But beyond the gradually decreasing pull of our hometown, the last couple of times we visited Nova Scotia it felt far less comfortable than before, even less like home. It’s a bit hard to put your finger on, and I don’t want this to turn into a post slagging off an entire province full of people, but my last few visits have seemed, well, off.
Maybe it was just a run of bad luck last time: the old battleaxe who lectured me about letting my three-year old daughter dare set foot on the pristine crabgrass at the Public Gardens; the seemlingly endless parade of unfriendly and, frankly, bad customer service seemingly every place we went; the cow-like stares when we tried to get waiting staff to wrap their heads around the idea of my daughter’s peanut allergy; and so on. I can chalk all of that up to random chance and a small sample size; I’m not going to write off a place because of a couple of negative experiences that a) could have happened anywhere and b) happen an order of magnitude worse whenever I’ve gone to Toronto.

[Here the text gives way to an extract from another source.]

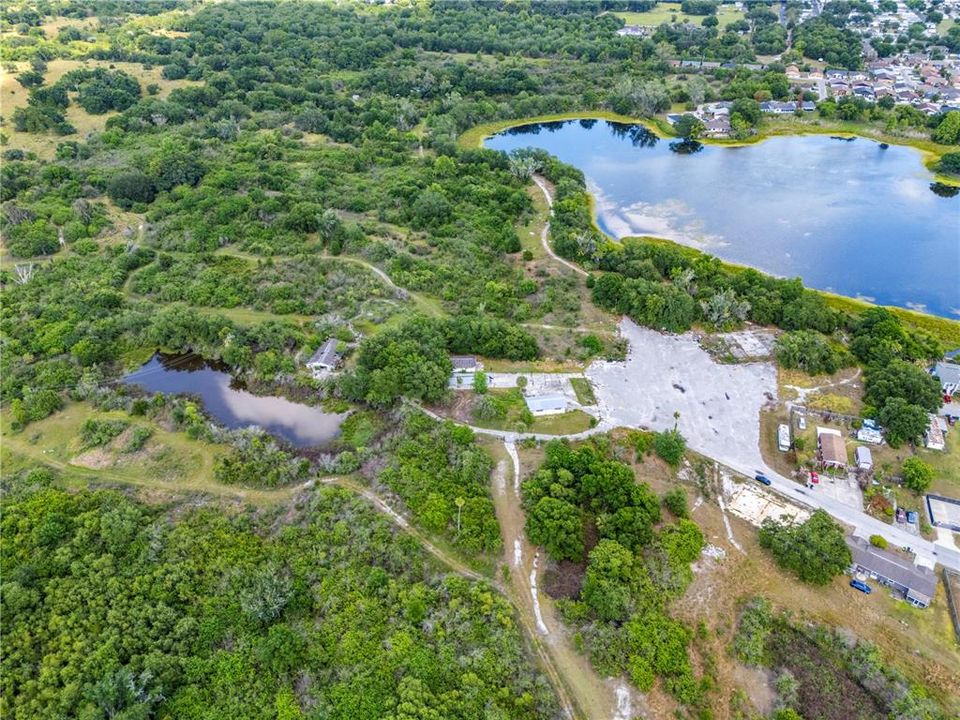 На продажу: $275,000 (2.73 acres)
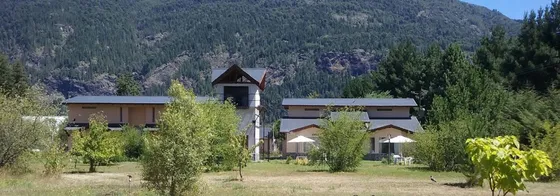 Cabañas / Hotel En  Venta Vista A Las Montañas A Cudaras De La Laguna Huemul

No, what’s really been leaving me feeling unsettled is the casual acquiesance of people to having their lives micro-managed. The old bitch complaining about my daughter walking on the grass actually highlights two such issues: 1. The once-lush lawns of a beautiful public garden have been left to go to seed because of the municipality’s ban on lawn chemicals and 2. The odd relish people seem to take in scolding others for transgressing silly rules. On point 1, I’m not particularly against the idea of reducing the amount of insecticides and herbicides in the environment, but surely there’s a safe balance. My father told me how his front lawn, which he had paid thousands of dollars to have reseeded a couple of years ago, has been completely destroyed by cinch bugs. He called the municipality, practically begging them to let him do something about it, and they told him it was tough luck. So he did what most people are doing: drove outside of muni limits, bought some insecticide, and applied it at night when none of the potential scolds and stool-pigeons would notice.

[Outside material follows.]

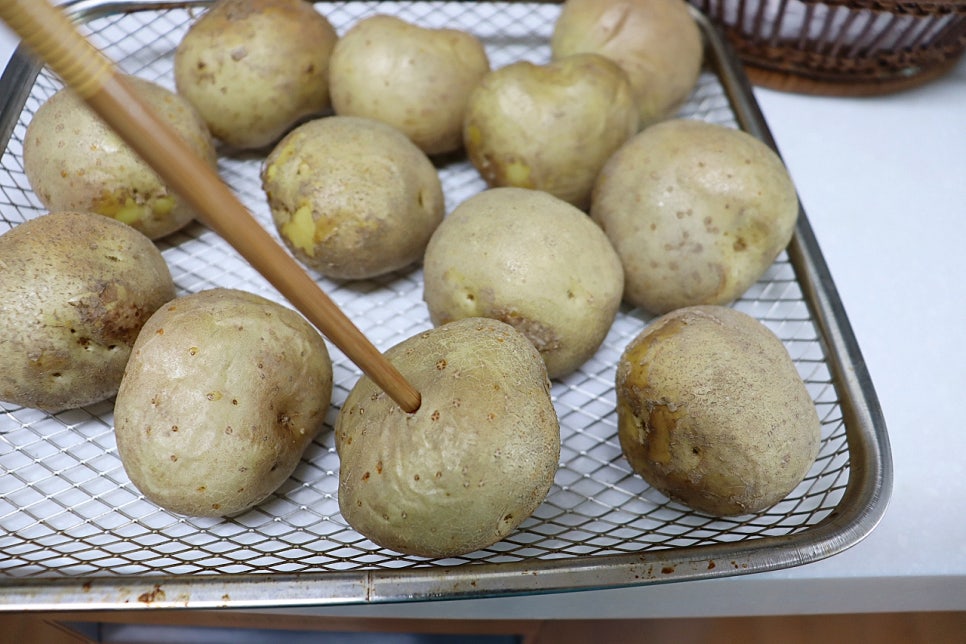 에어프라이어 감자구이 군감자 굽기 간단한 감자요리 에어프라이어 통감자구이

When my inlaws come to visit us out here, it takes them a few days to realize that they don’t have to sort all of their trash by size, colour, consistency, and alphabetically by their latin names — apparently violating this in my dear old home town leads to no end of trouble, up to and including giving trash collectors the apparent right to rip open your garbage bags and leave your trash strewn across your front lawn. That’s ridiculous enough, and I wouldn’t put it past the city of Edmonton to do the same thing sometime soon (currently we have regular trash and recyclables, and the city itself separates the organic stuff which they compost and sell), but what I see happening back home is the elevation of the rule itself over the spirit of the rule.
After eight years of doing a neighbourhood spring cleanup, a Hartlen Point man says he’ll never do it again.
“I will never, ever be part of the problem when it comes to littering, but I will never, ever be part of the solution,” Gaston Soucy vowed during a telephone interview Tuesday.
The Hartlen Point man is fuming over a recent run-in with a municipal bylaw enforcement officer who threatened to slap Mr. Soucy with more than $200 in fines and cleanup charges for having garbage at the curb on the wrong day.
Every spring since 2001, the 44-year-old man has picked up litter from the vacant land that borders his property.
Later in the article, they interview the “regional bylaw enforcement coordinator” (I don’t know why the title isn’t capitalized — perhaps there’s a bylaw against that, too), who is probably only doing his job and trying to be reasonable, but comes across sounding like an officius prick.
I’m not a libertarian like Sporko, nor a conservative like several of my other friends, but I do have a real problem with the bureaucratization of society, which has the affect of turning everybody into an officius prick. And it’s taken over my home town, which doesn’t much feel like home anymore.
.: Tags: dreadfully boring and unfunny stuff :.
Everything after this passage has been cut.